(Beginning of DATA SEGMENT)
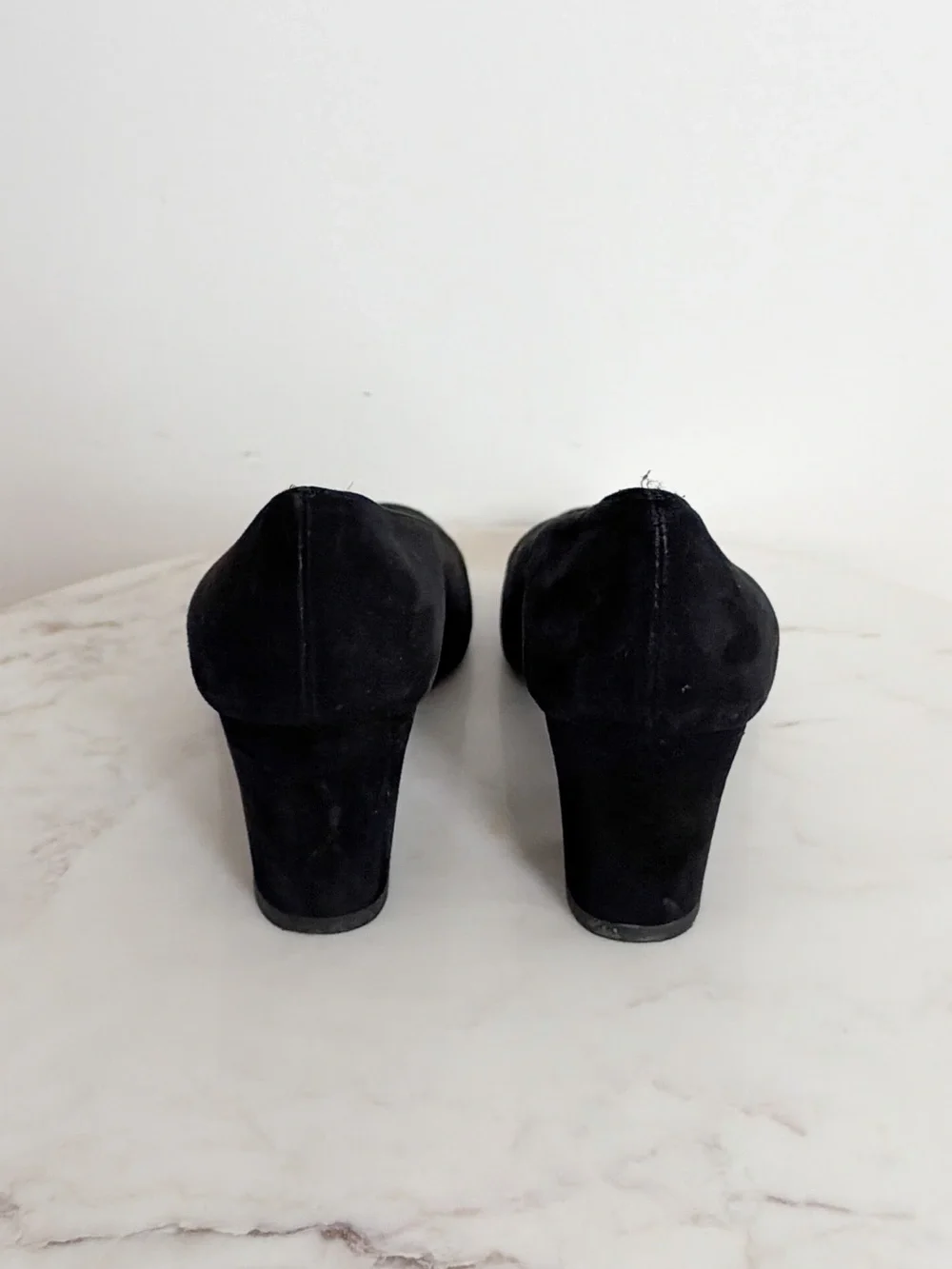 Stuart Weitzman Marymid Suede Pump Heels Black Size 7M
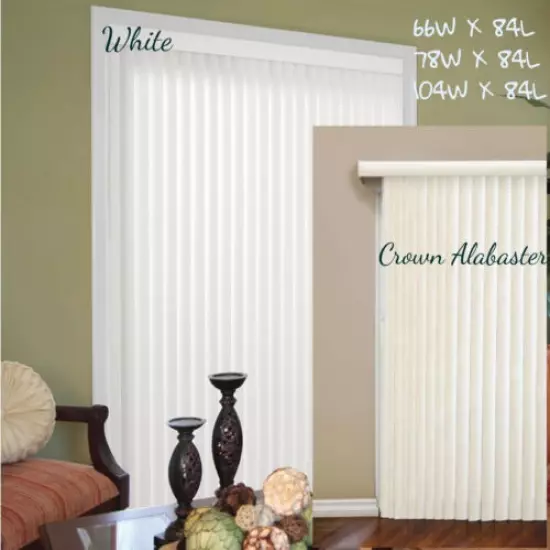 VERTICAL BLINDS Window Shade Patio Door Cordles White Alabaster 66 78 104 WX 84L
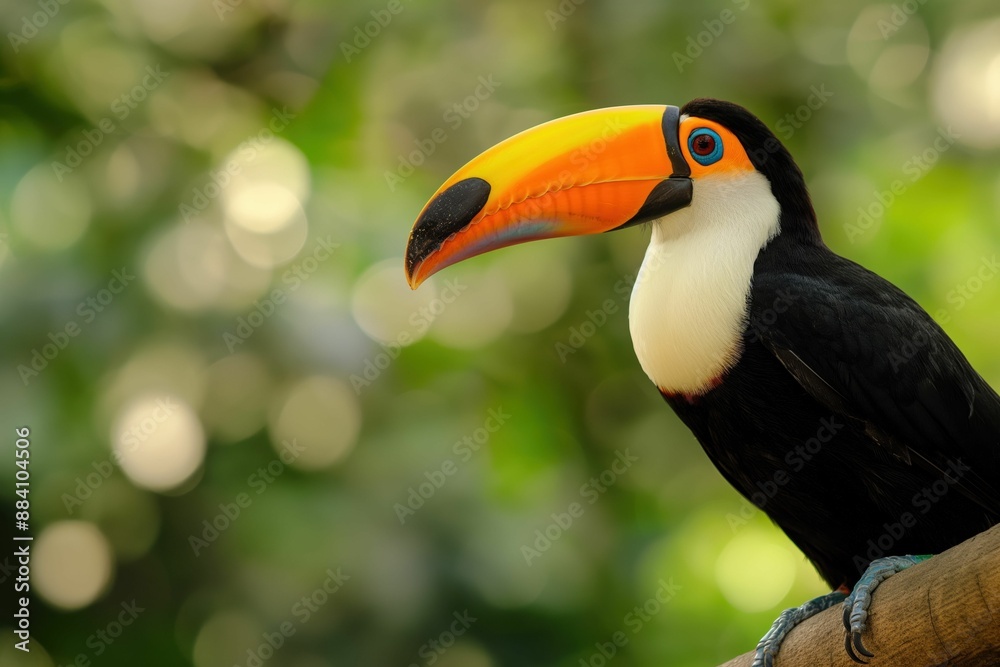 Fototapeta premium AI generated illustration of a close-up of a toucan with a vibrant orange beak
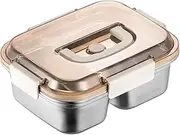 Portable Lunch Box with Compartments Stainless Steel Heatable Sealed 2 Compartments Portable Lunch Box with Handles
(End of DATA SEGMENT)
WORK REQUIRED
In the data above, find the line with "Fototapeta premium AI" and repeat it and every line after it through the end, exactly; leave the pictures out.

SOLUTION TO THE PROBLEM
 Fototapeta premium AI generated illustration of a close-up of a toucan with a vibrant orange beak
 Portable Lunch Box with Compartments Stainless Steel Heatable Sealed 2 Compartments Portable Lunch Box with Handles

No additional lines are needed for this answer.